In its annual study of state and local tax burdens, the Tax Foundation reports that Wyoming is slowly losing its status as one of the lowest taxed states in the country. We still rank fourth best in the nation, but we are on a downslope that, if it continues, will take us farther and farther away from the top tier. This is especially troubling since neighboring South Dakota now ranks second best in the nation.
Since 2007 the average state and local tax burden in Wyoming has increased by almost a full percentage point, from 6.9 percent to 7.8 percent. We are still a healthy margin below the 9.9 percent national average, but as mentioned our neighbors in South Dakota are now marginally better off than we are (7.6 percent). More troubling is the fact that their tax burden has gone up much less than ours over the past few years.
Our state and local lawmakers, and our governor, all need to pay attention to this troubling tax trend. They also need to understand what is behind it. Even though the Tax Foundation report does not provide any specifics as to where our tax burden increase comes from, there are two causes that our elected officials can influence with the right kind of policy decisions.
The first cause is of course the actual tax burden. As we have reported on numerous occasions earlier, Wyoming is known for having a skewed tax system that is lenient on income but relatively tough on property. This presents businesses with an odd tax burden, benefiting larger corporations while making life harder for small businesses. By the same token, working families who do not have large incomes, and thus do not benefit a whole lot from the absence of an income tax, are unfairly hit by property taxes. The same goes for sales taxes, a fact that our state and local legislators should keep in mind when they consider raising the sales or gasoline taxes.
The second cause is somewhat related to the first. In recessions unemployment is higher, more people work low-paying jobs and more employers cancel salary and wage increases. Working families earn less, on average. This raises the burden of taxes, even when taxes are unchanged. In a tax system with an income tax, the taxpayer’s burden of supporting government becomes somewhat lighter as his income declines. This is especially true in systems with progressive income taxes. Wyoming, by contrast, relies on income-independent taxation, which has an adverse effect on the state’s effective tax burden in times of recession and unemployment.
Our state legislators can actually affect household income. They can ramp up their efforts at promoting business growth, especially outside of the natural resources industry, which is dominated by large corporations. We need a better business climate that is more friendly toward small businesses, with less burdensome property taxes (ours rank 35th in the nation) and a complete regulatory overhaul. By making life easier for small businesses our state lawmakers and our governor will promote job growth and better career and earning opportunities for working families.

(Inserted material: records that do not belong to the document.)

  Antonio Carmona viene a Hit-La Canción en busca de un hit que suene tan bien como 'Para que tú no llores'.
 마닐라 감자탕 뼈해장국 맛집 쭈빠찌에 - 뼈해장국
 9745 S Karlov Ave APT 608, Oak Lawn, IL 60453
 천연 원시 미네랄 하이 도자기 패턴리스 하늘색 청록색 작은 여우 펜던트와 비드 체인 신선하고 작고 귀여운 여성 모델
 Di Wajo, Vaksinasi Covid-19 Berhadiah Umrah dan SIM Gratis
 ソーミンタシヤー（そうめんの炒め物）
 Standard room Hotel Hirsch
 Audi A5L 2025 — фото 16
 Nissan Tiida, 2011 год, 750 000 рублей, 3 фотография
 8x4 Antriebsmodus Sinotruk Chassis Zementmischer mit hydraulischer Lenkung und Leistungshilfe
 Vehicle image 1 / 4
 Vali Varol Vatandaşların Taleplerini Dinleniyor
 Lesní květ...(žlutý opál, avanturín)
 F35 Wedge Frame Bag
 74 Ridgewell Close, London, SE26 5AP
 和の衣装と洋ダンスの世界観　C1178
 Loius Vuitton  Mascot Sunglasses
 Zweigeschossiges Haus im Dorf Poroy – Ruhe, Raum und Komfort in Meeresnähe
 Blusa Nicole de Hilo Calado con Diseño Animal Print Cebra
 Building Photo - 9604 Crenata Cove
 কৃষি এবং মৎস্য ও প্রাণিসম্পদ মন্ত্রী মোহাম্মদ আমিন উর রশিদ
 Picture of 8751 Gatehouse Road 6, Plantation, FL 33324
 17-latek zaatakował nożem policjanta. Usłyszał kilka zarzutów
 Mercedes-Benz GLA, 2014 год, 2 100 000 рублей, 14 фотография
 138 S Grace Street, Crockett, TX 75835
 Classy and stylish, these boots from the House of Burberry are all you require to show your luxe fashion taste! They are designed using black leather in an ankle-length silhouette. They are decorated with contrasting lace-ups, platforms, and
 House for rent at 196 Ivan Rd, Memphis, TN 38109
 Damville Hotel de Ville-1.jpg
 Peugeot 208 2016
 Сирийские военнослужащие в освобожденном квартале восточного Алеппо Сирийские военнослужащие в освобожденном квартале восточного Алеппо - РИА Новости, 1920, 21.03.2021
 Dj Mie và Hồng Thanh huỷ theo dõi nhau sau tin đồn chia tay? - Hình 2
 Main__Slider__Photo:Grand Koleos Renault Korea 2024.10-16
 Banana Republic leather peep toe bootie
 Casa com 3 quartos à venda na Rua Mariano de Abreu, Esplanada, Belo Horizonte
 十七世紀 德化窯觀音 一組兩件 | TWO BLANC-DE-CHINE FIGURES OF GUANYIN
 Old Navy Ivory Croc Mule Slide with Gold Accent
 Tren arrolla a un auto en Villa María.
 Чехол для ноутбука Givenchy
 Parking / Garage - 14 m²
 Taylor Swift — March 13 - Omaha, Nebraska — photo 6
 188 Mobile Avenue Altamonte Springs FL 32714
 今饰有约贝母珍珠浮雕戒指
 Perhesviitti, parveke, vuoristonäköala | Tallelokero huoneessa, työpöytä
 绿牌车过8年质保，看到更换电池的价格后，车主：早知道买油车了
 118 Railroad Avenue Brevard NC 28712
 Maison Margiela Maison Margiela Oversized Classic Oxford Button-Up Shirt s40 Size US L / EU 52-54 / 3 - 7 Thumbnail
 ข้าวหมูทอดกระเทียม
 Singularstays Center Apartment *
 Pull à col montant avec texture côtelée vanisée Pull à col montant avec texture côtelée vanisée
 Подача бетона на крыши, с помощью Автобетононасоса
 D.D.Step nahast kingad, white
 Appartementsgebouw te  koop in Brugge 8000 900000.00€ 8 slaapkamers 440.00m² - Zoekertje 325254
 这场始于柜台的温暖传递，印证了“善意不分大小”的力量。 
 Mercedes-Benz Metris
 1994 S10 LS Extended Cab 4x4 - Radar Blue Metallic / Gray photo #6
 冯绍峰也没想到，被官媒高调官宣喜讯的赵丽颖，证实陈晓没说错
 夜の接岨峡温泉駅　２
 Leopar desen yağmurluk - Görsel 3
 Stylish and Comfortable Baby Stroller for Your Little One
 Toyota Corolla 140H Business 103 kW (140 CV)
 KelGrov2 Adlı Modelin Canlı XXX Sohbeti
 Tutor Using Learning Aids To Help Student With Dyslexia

With this in mind, it is also important to recognize that the Tax Foundation study comes with a methodological oddity that artificially inflates the tax burden of some states, and reduces it in others. When the Tax Foundation calculates our tax burden, it does so based not on what we earn and spend in our own state, but based on what we earn and spend nationally.
Here is how it works. If I spend a few days doing business in Washington, DC, I will obviously pay taxes on the hotel room. I will pay local taxes on my meals, sales taxes on the Saturday candy I buy at the convenience store, and outrageous taxes to fill up my car. Common sense and standard national accounts methodology prescribe that these tax expenditures should be calculated as part of the Washington, DC economy, not the Wyoming economy. But according to the methodology used by the Tax Foundation, my cost of these taxes count toward the Wyoming tax burden.
Consider the following analogy. If I – God forbid – paid a visit to Sweden, bought a pair of shoes and paid 25 percent in value added tax, then according to the Tax Foundation that tax expenditure becomes part of the tax burden on the American economy.
This methodological somersault in the Tax Foundation study is not just an academic matter. It has direct policy implications. Wyoming has many out-of-state vehicles that travel our interstates, buying gasoline and diesel at our filling stations. Some of our state lawmakers want to raise our gasoline tax by a full dime. This would have crippling effects on the Wyoming economy, but the methodology used by the Tax Foundation makes this increase look significantly less burdensome than it actually would be, simply because some of the tax burden would fall on interstate travelers.
That said, a methodological oddity like this one should not take away from the fact that Wyoming is seeing some problems with its taxes:
- We are no longer a top-three tax friendly state;
- We have seen our state and local tax burden rise by almost a percentage point since 2007; and
- We simply cannot afford to raise sales and gasoline taxes as some legislators have suggested.